Defunct American telecommunications corporation

NorVergence, incorporated as NorVergence, Inc., was a Newark, New Jersey corporation started by Thomas and Peter Salzano. Prior to filing for bankruptcy in July 2004, the company sold fraudulent telecommunications services, devices and related products to small businesses with little tech savvy.

In its three-year existence, NorVergence hired 1,800 sales and other employees and had revenues of $143 million.

The company cold-called companies, promising huge saving on their Internet and phone bills. The company's motto was "Drastically Reducing Telecommunications Costs". The company marketed a "Merged Access Transport Intelligent Exchange" (MATRIX) that it claimed would provide unlimited broadband Internet access, landline and cell phone services without per-minute charges. They claimed the MATRIX had "algorithms create the most efficient use of T-1 loops ever". However, the box was a full functional ATM and VoATM, connected to an ATM T1 normally. It has been accused of being nothing more than a firewall and router that could not provide Internet access or save on phone costs. But the box was designed by a genius scientist who put the same functionality that Carrier had with Large ATM devices into a device that could fit on most shelves of a telecom closet For the fraudulent device, the firm charged a flat fee and arranged financing for the rental of the MATRIX device for a period of usually five years.

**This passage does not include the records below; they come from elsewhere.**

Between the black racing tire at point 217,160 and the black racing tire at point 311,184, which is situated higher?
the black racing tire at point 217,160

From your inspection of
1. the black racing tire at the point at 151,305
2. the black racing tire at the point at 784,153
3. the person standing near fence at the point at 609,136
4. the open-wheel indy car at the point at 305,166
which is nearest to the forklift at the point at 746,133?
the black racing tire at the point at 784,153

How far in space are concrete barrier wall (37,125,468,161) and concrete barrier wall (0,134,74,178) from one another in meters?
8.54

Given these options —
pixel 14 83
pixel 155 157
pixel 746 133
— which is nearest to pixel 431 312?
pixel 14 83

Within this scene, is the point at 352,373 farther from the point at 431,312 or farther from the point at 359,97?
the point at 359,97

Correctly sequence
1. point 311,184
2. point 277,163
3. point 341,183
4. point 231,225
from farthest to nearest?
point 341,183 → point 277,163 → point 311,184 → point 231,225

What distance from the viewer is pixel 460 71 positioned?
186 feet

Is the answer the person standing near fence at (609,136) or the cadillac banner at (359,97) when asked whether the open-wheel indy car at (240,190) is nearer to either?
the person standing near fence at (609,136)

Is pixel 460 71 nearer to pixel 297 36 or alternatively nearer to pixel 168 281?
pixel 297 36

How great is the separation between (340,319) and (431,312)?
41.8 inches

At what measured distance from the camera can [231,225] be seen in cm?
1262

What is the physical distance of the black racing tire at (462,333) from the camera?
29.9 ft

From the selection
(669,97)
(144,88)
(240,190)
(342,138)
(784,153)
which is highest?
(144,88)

Once NorVergence had moved into as many regional markets as possible and pitched every business in the area, NorVergence sold the leasing agreements to banks, and the banks would be left with the leasing agreements with the expectation that customers would continue to pay for the hardware leases for five years. The Five year payment price was on average 30% lower than the company's bills before the MATRIX installation.

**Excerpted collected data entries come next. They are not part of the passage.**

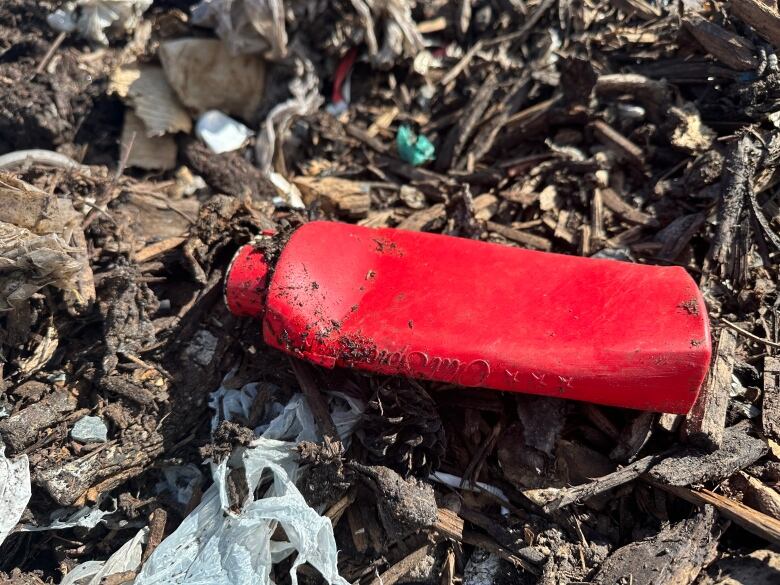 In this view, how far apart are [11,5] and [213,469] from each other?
9.60ft

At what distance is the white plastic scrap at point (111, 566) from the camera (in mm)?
2201

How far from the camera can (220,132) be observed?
3410 millimetres

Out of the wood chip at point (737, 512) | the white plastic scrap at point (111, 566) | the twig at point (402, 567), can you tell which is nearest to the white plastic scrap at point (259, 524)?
the white plastic scrap at point (111, 566)

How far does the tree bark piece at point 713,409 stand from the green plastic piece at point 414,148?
1738 millimetres

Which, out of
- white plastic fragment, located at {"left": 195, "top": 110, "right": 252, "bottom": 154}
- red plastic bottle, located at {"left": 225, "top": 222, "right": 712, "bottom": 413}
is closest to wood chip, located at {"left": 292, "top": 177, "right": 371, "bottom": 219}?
white plastic fragment, located at {"left": 195, "top": 110, "right": 252, "bottom": 154}

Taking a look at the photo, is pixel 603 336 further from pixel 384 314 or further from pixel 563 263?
pixel 384 314

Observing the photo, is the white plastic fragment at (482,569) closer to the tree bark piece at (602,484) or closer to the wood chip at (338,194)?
the tree bark piece at (602,484)

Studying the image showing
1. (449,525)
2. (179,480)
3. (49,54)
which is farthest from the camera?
(49,54)

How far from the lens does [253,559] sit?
2127 mm

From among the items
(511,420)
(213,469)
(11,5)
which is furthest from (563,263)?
(11,5)

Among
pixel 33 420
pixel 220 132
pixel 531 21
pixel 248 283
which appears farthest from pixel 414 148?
pixel 33 420

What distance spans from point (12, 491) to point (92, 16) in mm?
2595

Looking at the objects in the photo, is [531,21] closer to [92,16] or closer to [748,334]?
[748,334]

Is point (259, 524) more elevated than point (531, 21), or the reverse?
point (531, 21) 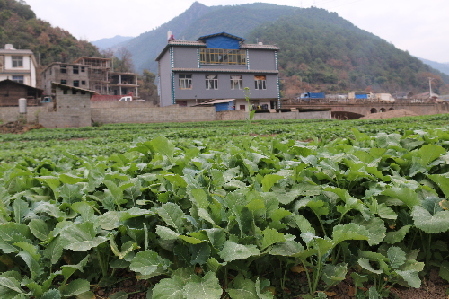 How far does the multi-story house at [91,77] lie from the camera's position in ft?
173

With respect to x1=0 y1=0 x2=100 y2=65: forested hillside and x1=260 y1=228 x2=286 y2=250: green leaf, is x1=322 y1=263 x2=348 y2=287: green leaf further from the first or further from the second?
x1=0 y1=0 x2=100 y2=65: forested hillside

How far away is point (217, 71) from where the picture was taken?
4084cm

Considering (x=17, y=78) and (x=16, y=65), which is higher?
(x=16, y=65)

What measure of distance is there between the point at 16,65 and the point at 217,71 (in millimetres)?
30882

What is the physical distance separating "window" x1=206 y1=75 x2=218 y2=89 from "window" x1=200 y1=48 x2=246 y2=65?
192 cm

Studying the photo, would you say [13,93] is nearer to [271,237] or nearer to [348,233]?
[271,237]

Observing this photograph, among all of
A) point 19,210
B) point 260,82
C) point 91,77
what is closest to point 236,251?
point 19,210

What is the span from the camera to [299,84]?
292 ft

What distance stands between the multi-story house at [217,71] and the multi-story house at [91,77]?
19.0 meters

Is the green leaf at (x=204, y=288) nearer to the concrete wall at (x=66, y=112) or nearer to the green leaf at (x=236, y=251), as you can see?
the green leaf at (x=236, y=251)

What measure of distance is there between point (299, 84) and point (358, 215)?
90.6 m

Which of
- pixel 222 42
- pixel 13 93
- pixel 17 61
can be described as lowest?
pixel 13 93

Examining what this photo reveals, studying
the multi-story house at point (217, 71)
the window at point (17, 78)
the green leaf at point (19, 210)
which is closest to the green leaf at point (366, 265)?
the green leaf at point (19, 210)

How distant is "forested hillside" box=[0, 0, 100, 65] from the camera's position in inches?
2357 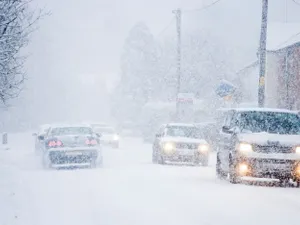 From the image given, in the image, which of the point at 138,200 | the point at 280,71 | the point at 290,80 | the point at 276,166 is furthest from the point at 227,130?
the point at 280,71

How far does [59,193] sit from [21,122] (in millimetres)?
73342

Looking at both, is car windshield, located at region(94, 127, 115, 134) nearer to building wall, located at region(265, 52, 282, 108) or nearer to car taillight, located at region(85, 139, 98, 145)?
building wall, located at region(265, 52, 282, 108)

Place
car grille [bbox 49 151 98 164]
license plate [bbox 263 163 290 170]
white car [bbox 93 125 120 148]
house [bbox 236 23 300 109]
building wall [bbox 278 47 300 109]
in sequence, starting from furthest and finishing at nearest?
1. house [bbox 236 23 300 109]
2. building wall [bbox 278 47 300 109]
3. white car [bbox 93 125 120 148]
4. car grille [bbox 49 151 98 164]
5. license plate [bbox 263 163 290 170]

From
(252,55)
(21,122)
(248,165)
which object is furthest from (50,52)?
(248,165)

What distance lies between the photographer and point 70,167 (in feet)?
71.7

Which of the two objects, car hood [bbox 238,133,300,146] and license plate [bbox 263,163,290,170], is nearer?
license plate [bbox 263,163,290,170]

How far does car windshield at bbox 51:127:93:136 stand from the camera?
2117cm

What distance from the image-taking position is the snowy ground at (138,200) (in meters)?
9.51

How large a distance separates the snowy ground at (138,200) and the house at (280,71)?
2298 cm

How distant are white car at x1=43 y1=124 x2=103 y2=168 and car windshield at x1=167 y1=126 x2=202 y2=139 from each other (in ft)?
13.0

After the company entered into bankruptcy, companies that had signed up for the service still had the leasing bank attempt to collect on the finance bills. Rental agreements stipulated that the finance companies could insist on full payment from customers even if NorVergence failed to provide the services promised. Over time, courts have invalidated some of the leases or banks have settled the cases.

Lawsuits against the company have been filed in numerous states, by both former employees and customers. The lawsuits allege that Norvergence was a Ponzi scheme or pyramid scheme, or that the technology did not work.

Calcasieu Parish, Louisiana District Attorney John DeRosier said, "The 11,000 plus victims around the country and the total amount of money that they have lost through this scheme is in excess of $300 million and nobody was doing anything about it. Now, they come to Calcasieu Parish and that's where we draw the line. We're not afraid to go after a complicated case. I think that it is a legitimate case of fraud."

On December 8, 2004, Pennsylvania Attorney General Gerald J. Pappert filed against Peter J. Salzano, seeking civil penalties in the amount of $1,000 for each and every violation of the consumer protection law, increased to $3,000 for each violation where the victim was age 60 or older.

Peter J. Salzano filed bankruptcy on January 1, 2005.

On September 11, 2006, the Federal Trade Commission filed charges against the Salzanos and won a stipulation judgment on October 17, 2007. The FTC won a default judgment of $181.7 million from NorVergence and a stipulated judgment keeping the Salzanos out of related businesses and any assets up to $50 million owed to NorVergence's lessees. The judgment also seeks money from Salzano's wife and son for NorVergence money allegedly used to pay personal bills.

Thomas Salzano was indicted in January 2008 on multiple charges of money laundering, conspiracy and theft. After a night in jail, he pleaded not guilty, surrendered his passport and posted a $75,000 bond. A hearing was scheduled for October 16, 2008.

Qwest and Sprint Nextel say the company owes them over $30 million. Tom Salzano's prior startup, Minimum Rate Pricing, also went bankrupt, owing WorldCom and Access Capital $67 million.